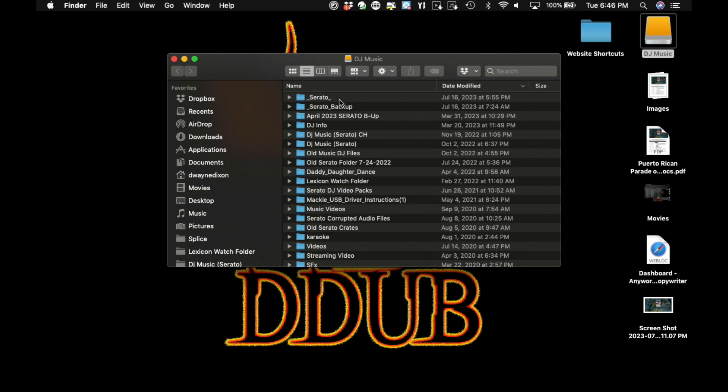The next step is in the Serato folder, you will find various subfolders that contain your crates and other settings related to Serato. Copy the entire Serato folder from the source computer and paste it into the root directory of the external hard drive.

* * *

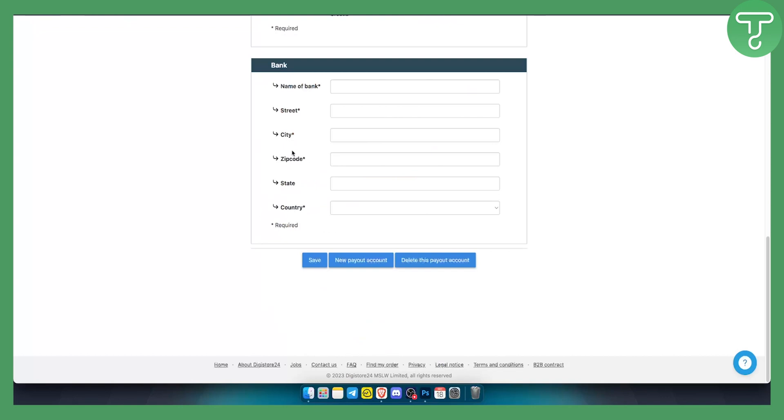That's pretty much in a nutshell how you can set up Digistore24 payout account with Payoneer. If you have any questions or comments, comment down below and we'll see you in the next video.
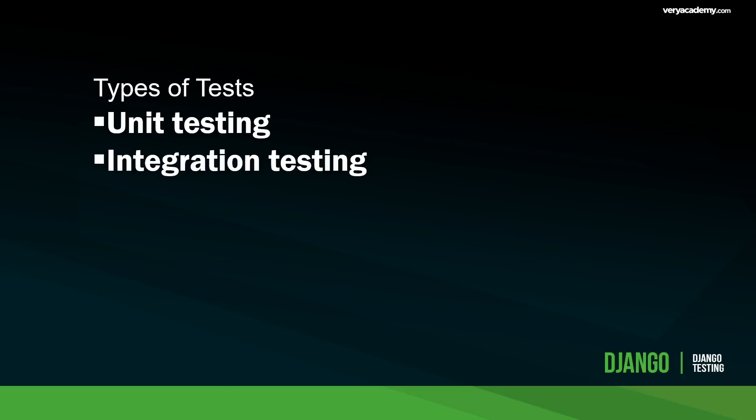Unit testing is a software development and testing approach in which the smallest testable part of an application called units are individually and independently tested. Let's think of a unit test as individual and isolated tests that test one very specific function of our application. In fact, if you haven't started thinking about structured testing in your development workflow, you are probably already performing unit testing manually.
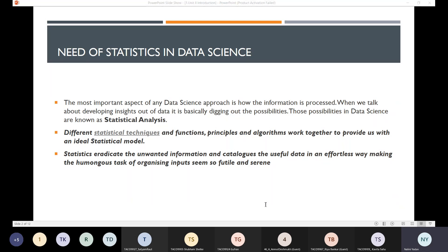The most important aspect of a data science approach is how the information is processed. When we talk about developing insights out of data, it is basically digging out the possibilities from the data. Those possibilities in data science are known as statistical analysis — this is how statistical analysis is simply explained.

==

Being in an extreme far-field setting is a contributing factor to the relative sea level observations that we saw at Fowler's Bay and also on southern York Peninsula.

Assigned task. Leave out every picture, and copy exactly the lines above starting at the one holding "Unit testing is" and ending at the one holding "The most important", no more and no less.

Output of the exercise.
Unit testing is a software development and testing approach in which the smallest testable part of an application called units are individually and independently tested. Let's think of a unit test as individual and isolated tests that test one very specific function of our application. In fact, if you haven't started thinking about structured testing in your development workflow, you are probably already performing unit testing manually.
The most important aspect of a data science approach is how the information is processed. When we talk about developing insights out of data, it is basically digging out the possibilities from the data. Those possibilities in data science are known as statistical analysis — this is how statistical analysis is simply explained.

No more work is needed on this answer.